Tralasciando la situazione dell’impiantistica sportiva e il disinteresse istituzionale che coinvolge gran parte degli sport (vedasi poligono olimpico di Torino 2006) quello che manca assolutamente nel nostro movimento è la volontà di collaborare tra le società, questione che ha portato a una sorta di reazione a catena con compagini emigrate nell’ultimo anno nei vari campionati esteri. Non meno importante è l’assenza di una federazione hockey ghiaccio indipendente, presente in paesi come Turchia e Sud Africa e assente in Italia dal 1952. Fattori che insieme alla non facile situazione economica, impediscono la crescita dei nostri giovani, il che non vuol dire buttarli in prima squadra allo sbaraglio, ma investire su tecnici preparati in grado di farli maturare sin da piccoli. Un po’ quello che succede in Slovenia, capace di arrivare ai quarti di finale di un‘Olimpiade con soltanto 148 tesserati. Un roster di 25 giocatori con un’età media di 26,76, tutti nati e cresciuti nel piccolo stato dei Balcani e pronti sin da subito ad affrontare campionati impegnativi. Anze Kopitar in NHL e Jan Mursak in KHL ne sono un esempio.

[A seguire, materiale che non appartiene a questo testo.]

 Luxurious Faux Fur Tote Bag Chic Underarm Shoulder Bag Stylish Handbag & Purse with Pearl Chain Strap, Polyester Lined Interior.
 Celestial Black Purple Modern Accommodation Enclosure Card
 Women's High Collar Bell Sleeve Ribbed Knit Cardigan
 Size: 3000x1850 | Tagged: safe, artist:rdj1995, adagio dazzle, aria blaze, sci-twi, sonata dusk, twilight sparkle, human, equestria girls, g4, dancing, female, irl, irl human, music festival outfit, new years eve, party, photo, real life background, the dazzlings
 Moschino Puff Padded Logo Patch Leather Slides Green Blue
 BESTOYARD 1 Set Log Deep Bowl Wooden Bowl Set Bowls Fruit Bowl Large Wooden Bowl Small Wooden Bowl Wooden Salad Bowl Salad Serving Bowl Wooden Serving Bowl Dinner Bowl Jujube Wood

Purtroppo il discorso sui problemi dell’hockey si ripete, avallato dai continui sali e scendi del Blue Team, da tanti anni. La politica di utilizzare quasi esclusivamente gli oriundi non ha aiutato a sviluppare il movimento. Sia chiaro ben vengano gli italoamericani, ma questi dovrebbero essere utilizzati per far fare un salto di qualità alla nazionale non per togliere le castagne dal fuoco quando serve. Anche perché i giovani di talento nascono pure da noi, tra il 1990 e il 1994 c’è una nidiata che ha già ottenuto risultati importanti nell’U20.

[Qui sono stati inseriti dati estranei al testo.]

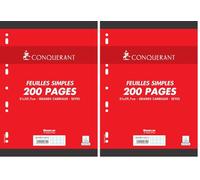 Conquérant Feuilles Simples A4 Grands Carreaux Seyès 200 Pages Sous Film Blanches (Lot de 2)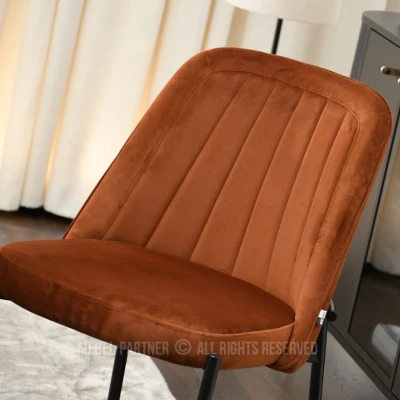 Čalouněná jídelní židle EVELIN - černá / měděná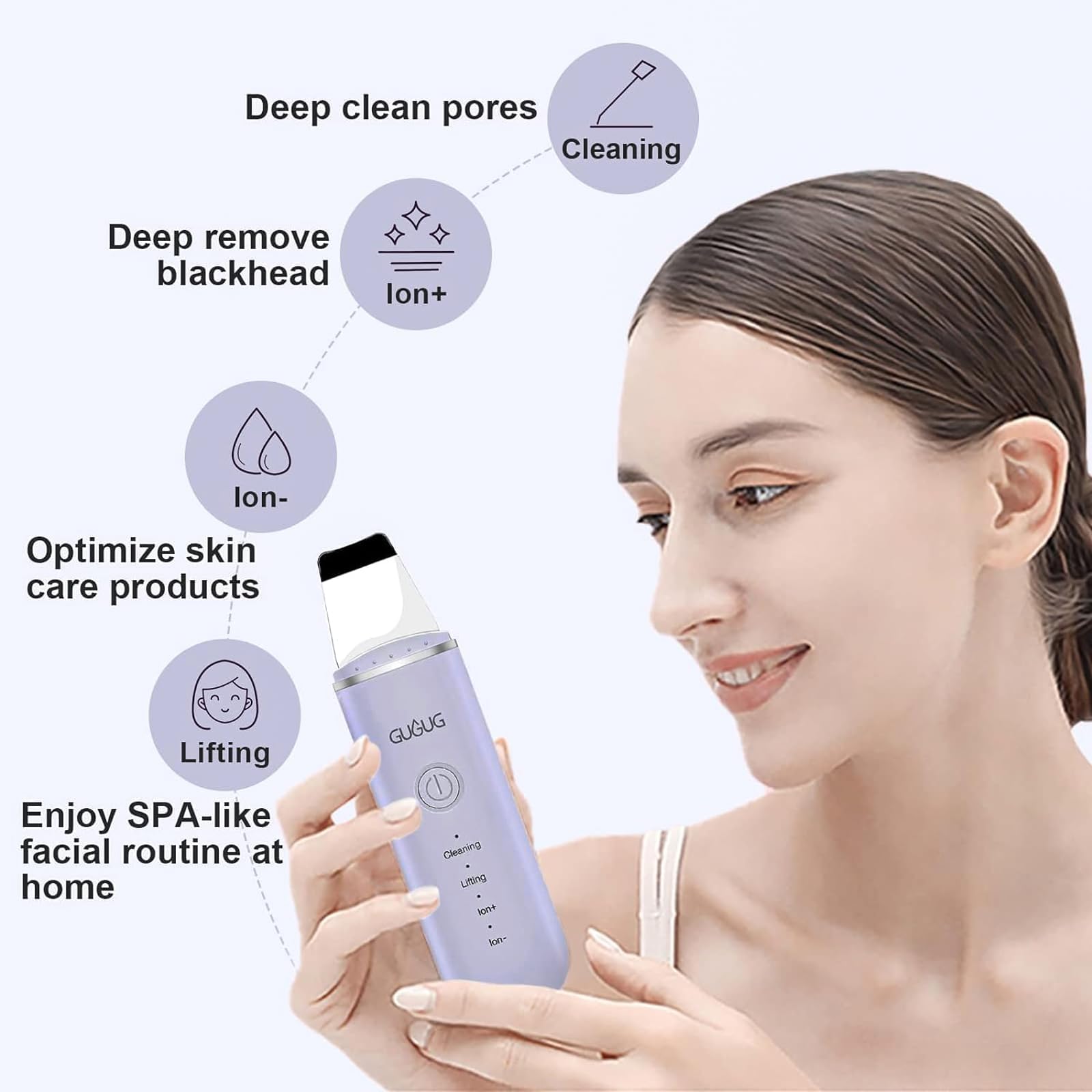 GUGUG Skin Scrubber Spatula Pore Cleaner Blackhead Remover,4 Modes,Purple view 2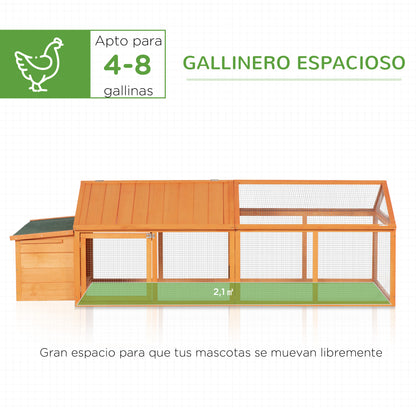Outdoor Chicken Coop 240x112.5x76 cm Wooden Chicken Coop with Flip-Open Roof Enclosure Lockable Doors and Nesting Box for Chickens Rabbits Ducks Natural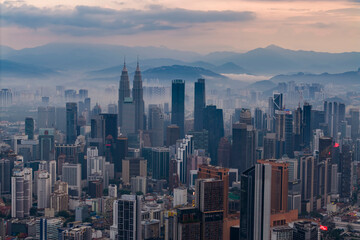 Naklejka premium aerial view kuala lumpur during sunrise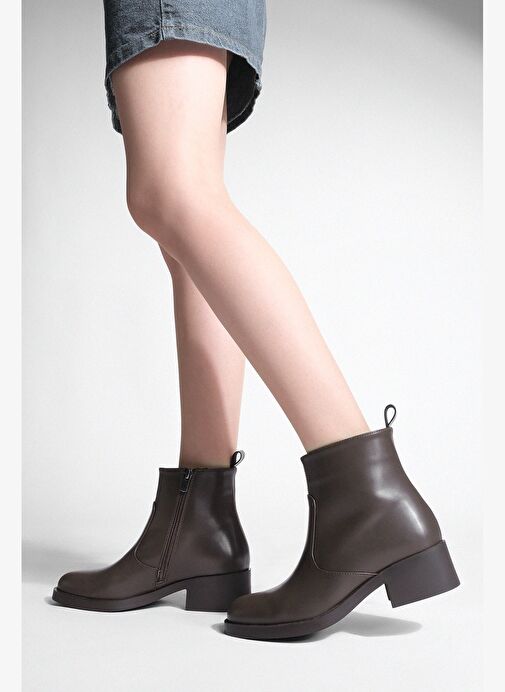 Kadın Fermuarlı Günlük Bot Gontre Kahve - Görsel 4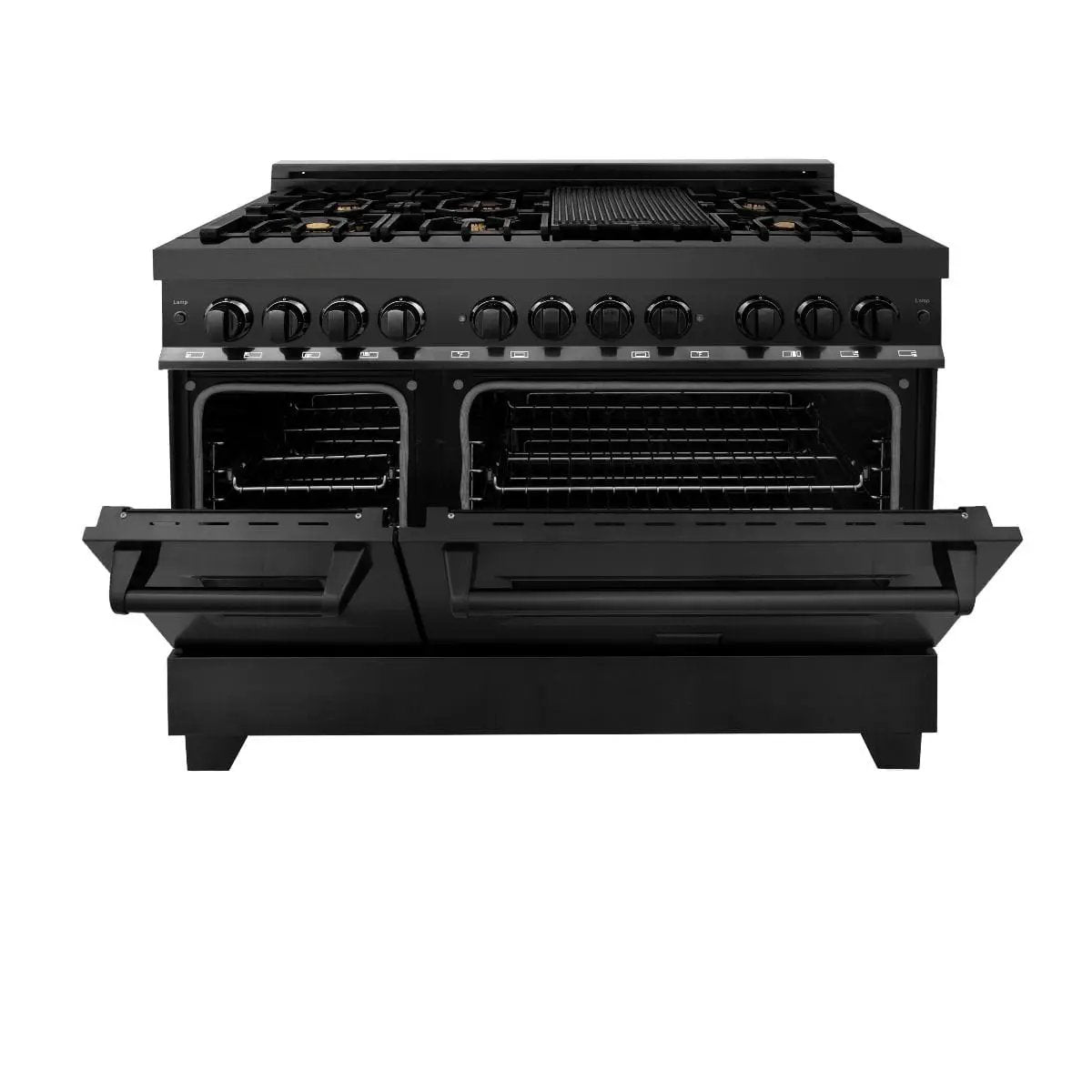 ZLINE 48" Black Stainless,Gas/Electric Range, Brass Burners, RAB-BR-48 by Farmhouse Kitchen and Bath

L’ex giocatore Martin Pavlu, chiamato il cigno per la sua eleganza sui pattini, ha un’idea ben precisa: “Diamo fiducia ai nostri ragazzi, non tutti a 18-19 anni possono dimostrare il loro valore, ma sfido chiunque a dare loro lo stesso supporto che viene dato agli stranieri e vedere alla fine chi viene fuori”. Sono moltissimi inoltre i ragazzi lombardi e piemontesi che giocano nei settori giovanili in Ticino, la passione per l’hockey è viva e con una buona organizzazione si potrebbero conquistare risultati importanti. Fondamentale sarà ampliare il bacino da dove pescare giocatori, cancellare l’immagine un po’ folkloristica che ci vede mangiare pane e pallone collegando l’hockey con la scuola come avviene, ad esempio, a Bolzano dove è nato da poco un nuovo progetto “Bolzano-Bozen Hockey Academy”. Qui i ragazzi possono tranquillamente giocare e studiare presso il liceo Scientifico “Toniolo” ad indirizzo sportivo.